Goal of the exercise
Using the records that follow, reproduce exactly the lines starting at the line containing "KBS Knives Store" and ending at the line containing "Wine Red Linen". Include both end lines and no pictures.
Top of Data supplied
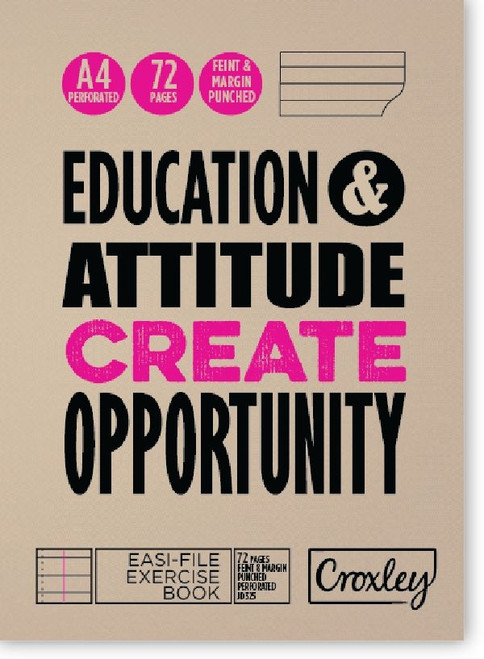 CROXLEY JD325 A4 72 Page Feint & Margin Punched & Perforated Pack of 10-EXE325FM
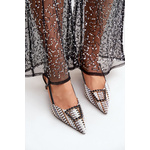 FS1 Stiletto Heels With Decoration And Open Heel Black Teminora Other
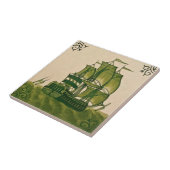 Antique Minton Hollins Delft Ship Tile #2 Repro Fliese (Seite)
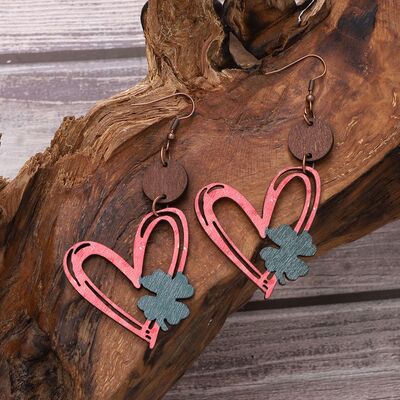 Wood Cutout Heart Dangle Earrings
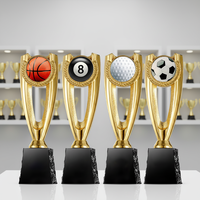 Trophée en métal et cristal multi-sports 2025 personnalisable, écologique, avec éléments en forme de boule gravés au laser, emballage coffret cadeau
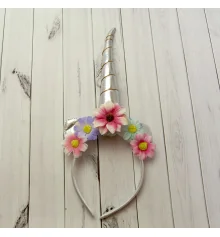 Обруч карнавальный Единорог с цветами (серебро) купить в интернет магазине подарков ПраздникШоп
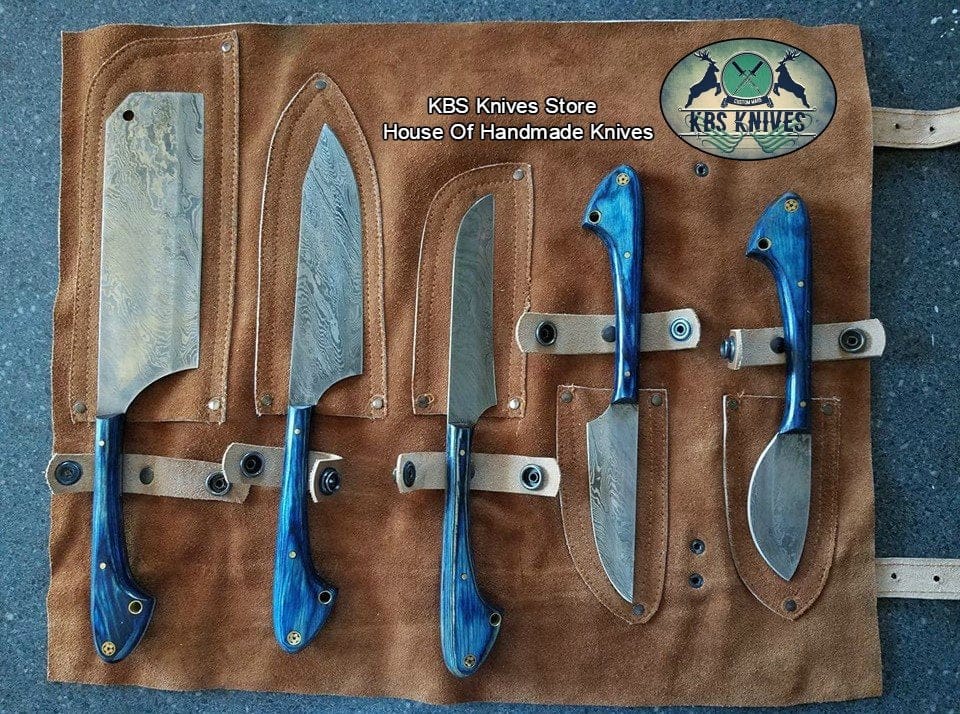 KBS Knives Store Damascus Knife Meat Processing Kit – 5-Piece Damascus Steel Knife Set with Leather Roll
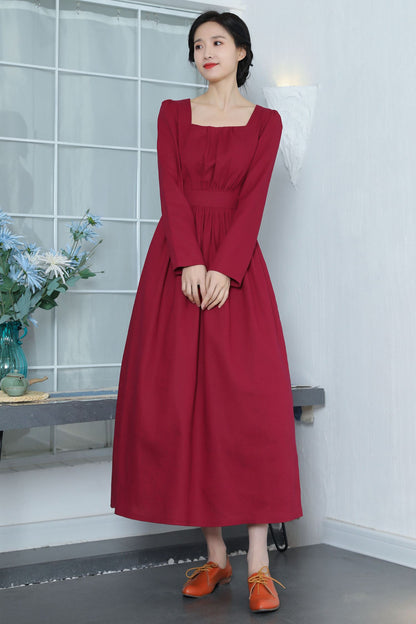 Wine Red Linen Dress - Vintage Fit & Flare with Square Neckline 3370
Bottom of Data supplied
Top of Data supplied
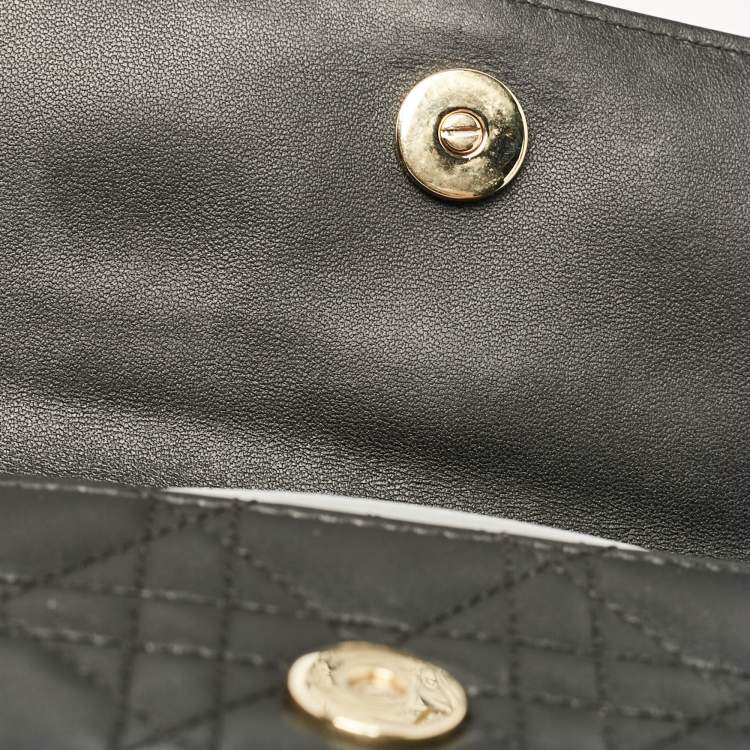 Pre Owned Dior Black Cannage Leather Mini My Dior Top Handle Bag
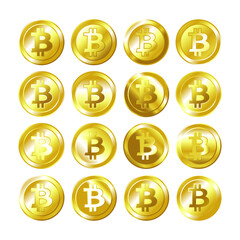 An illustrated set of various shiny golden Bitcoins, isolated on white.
Bottom of Data supplied
Answer box
 KBS Knives Store Damascus Knife Meat Processing Kit – 5-Piece Damascus Steel Knife Set with Leather Roll
 Wine Red Linen Dress - Vintage Fit & Flare with Square Neckline 3370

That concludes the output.